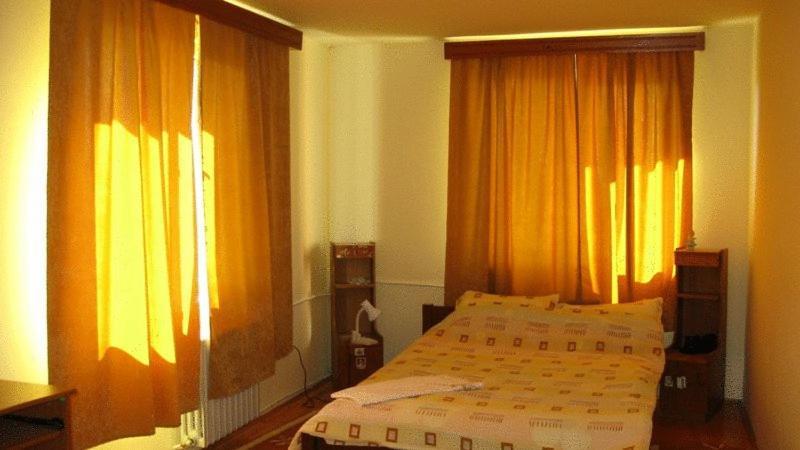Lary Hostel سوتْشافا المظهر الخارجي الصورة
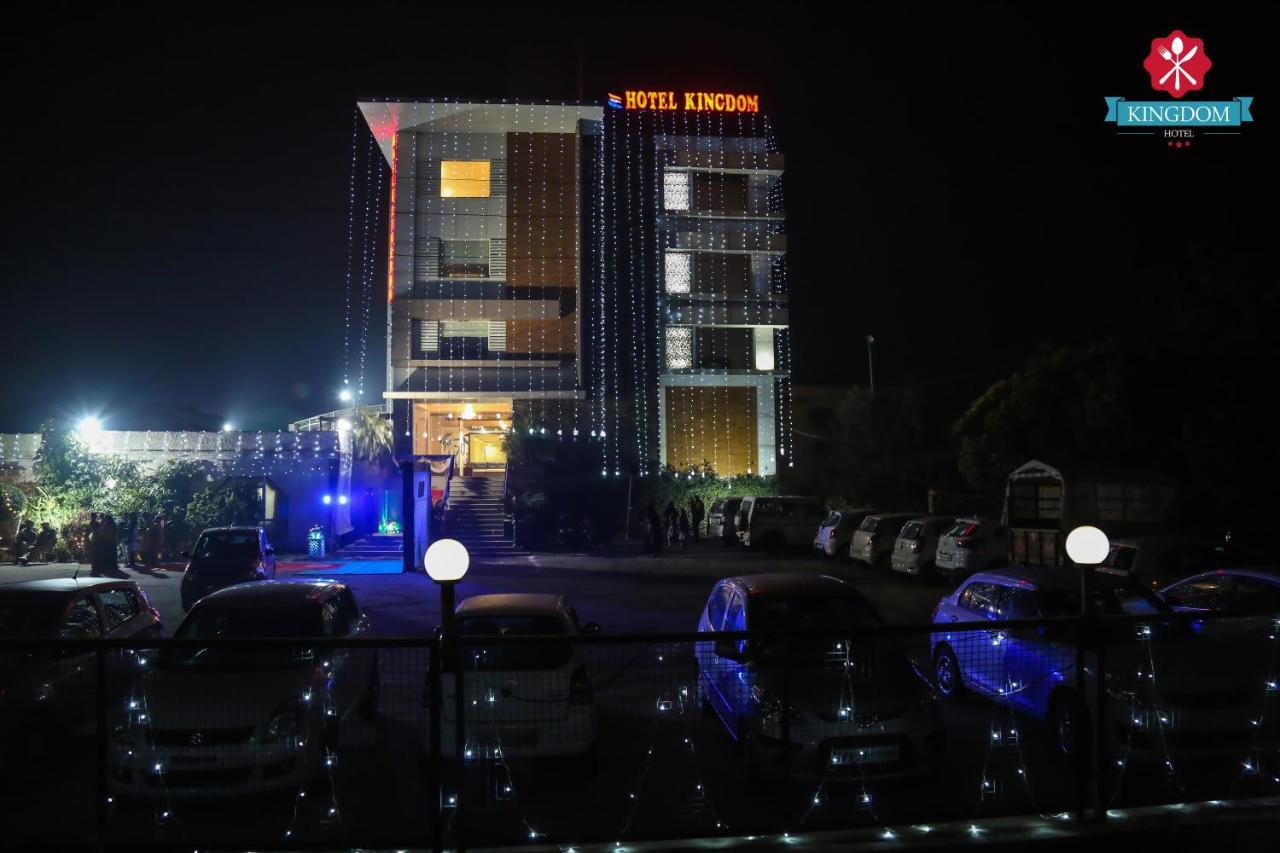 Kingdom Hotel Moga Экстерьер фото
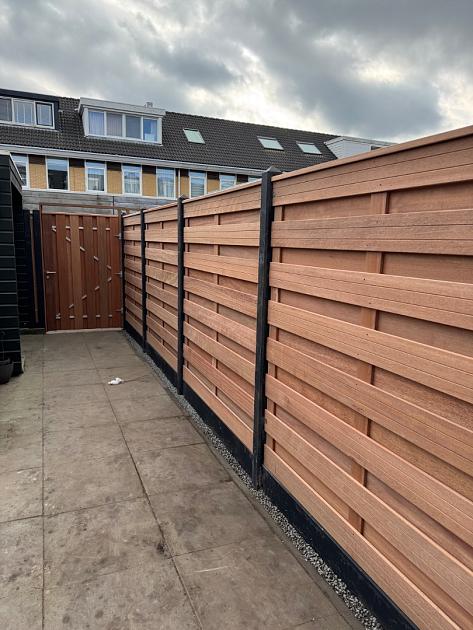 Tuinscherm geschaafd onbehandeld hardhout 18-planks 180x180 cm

* * *

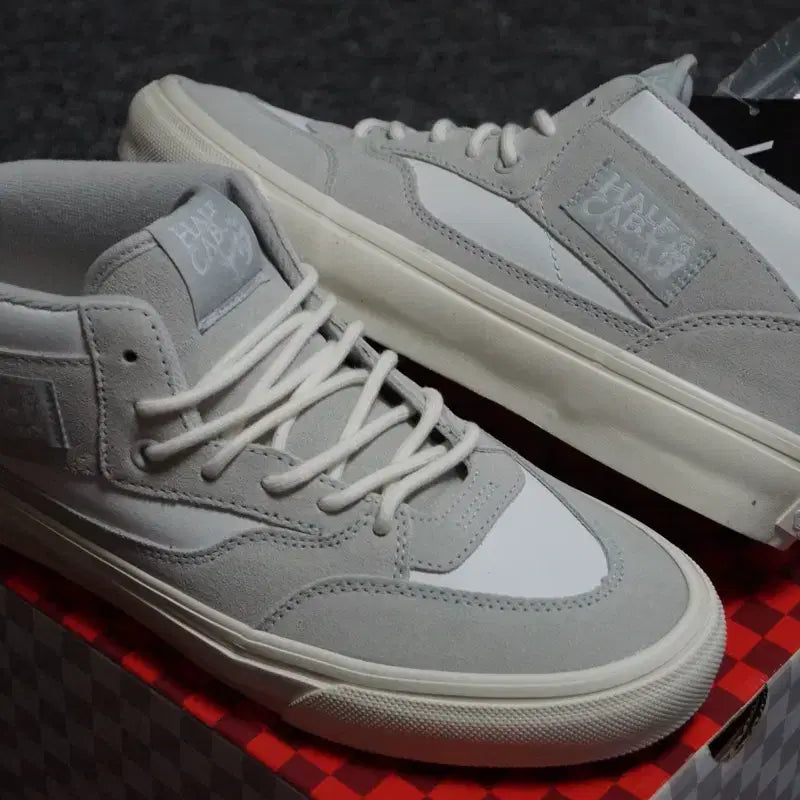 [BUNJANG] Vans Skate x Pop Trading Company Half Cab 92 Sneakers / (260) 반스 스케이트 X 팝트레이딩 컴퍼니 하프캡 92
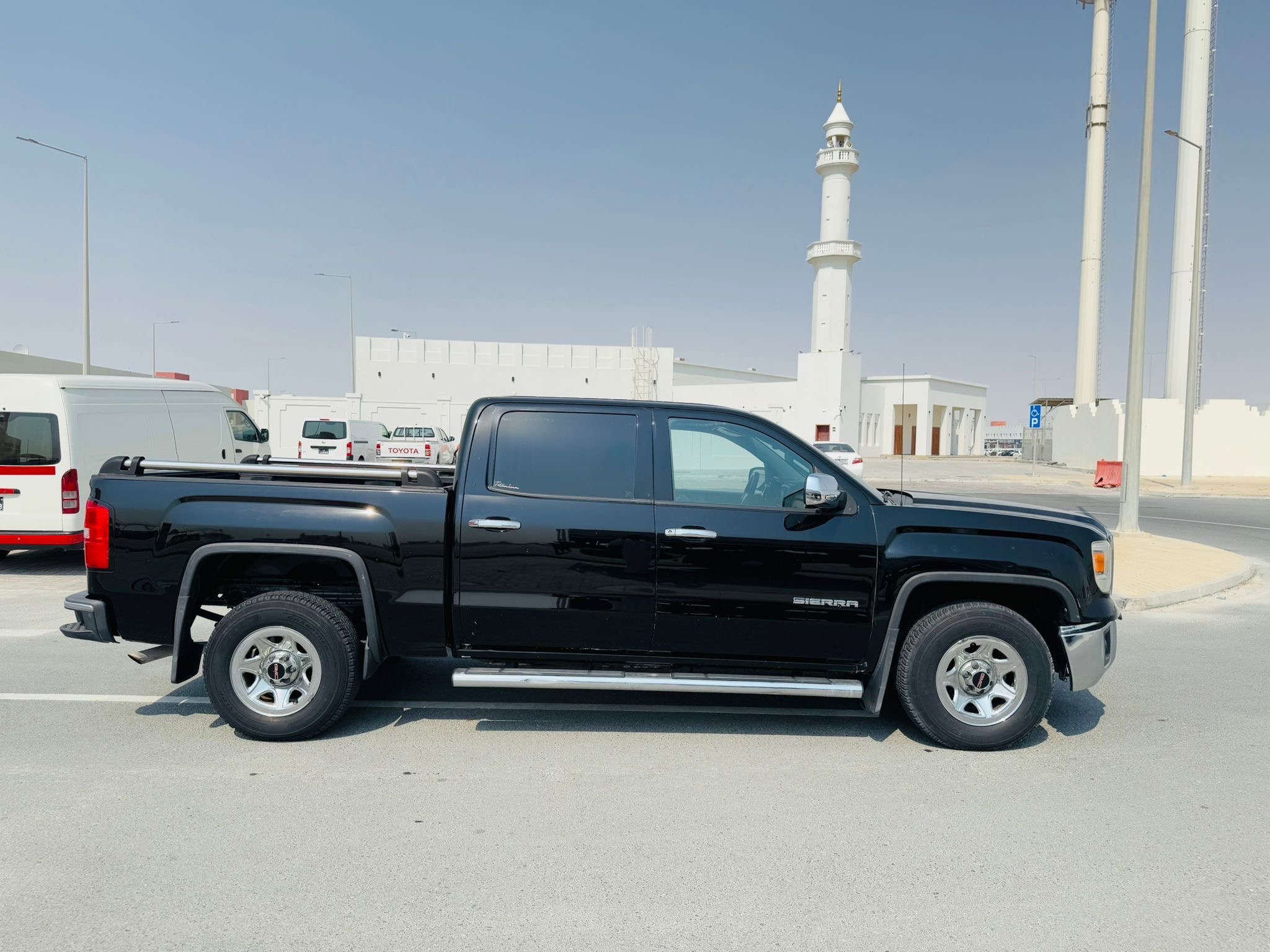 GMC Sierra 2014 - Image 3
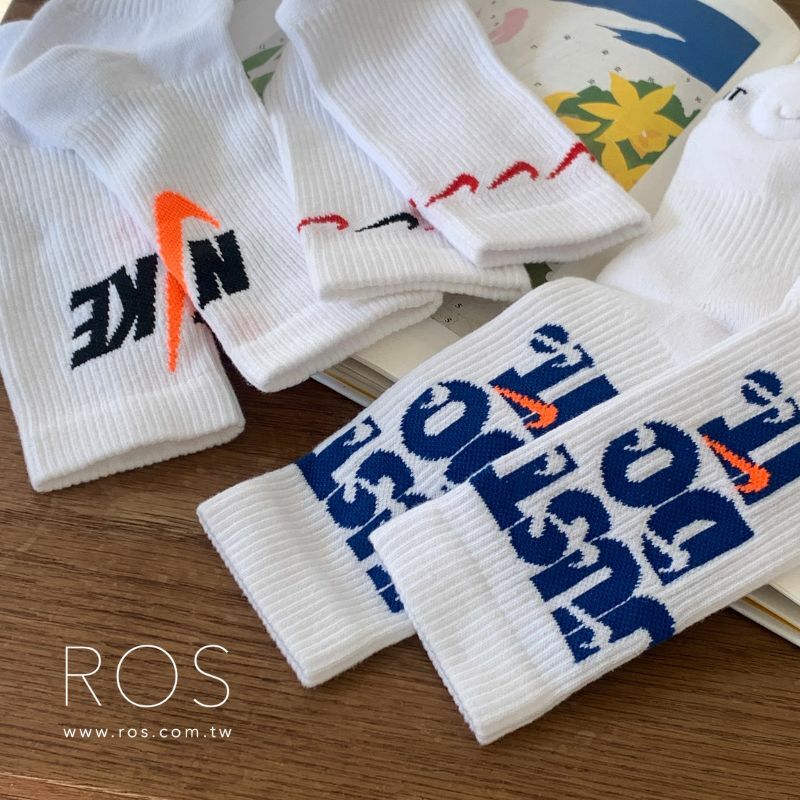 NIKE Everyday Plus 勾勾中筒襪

= YOUR OBJECTIVE =
Nothing but the lines from the one containing "Lary Hostel سوتْشافا المظهر الخارجي الصورة" through the one containing "Tuinscherm geschaafd onbehandeld" should appear, copied exactly from the material above and without pictures.

= ANSWER SECTION =
Lary Hostel سوتْشافا المظهر الخارجي الصورة
 Kingdom Hotel Moga Экстерьер фото
 Tuinscherm geschaafd onbehandeld hardhout 18-planks 180x180 cm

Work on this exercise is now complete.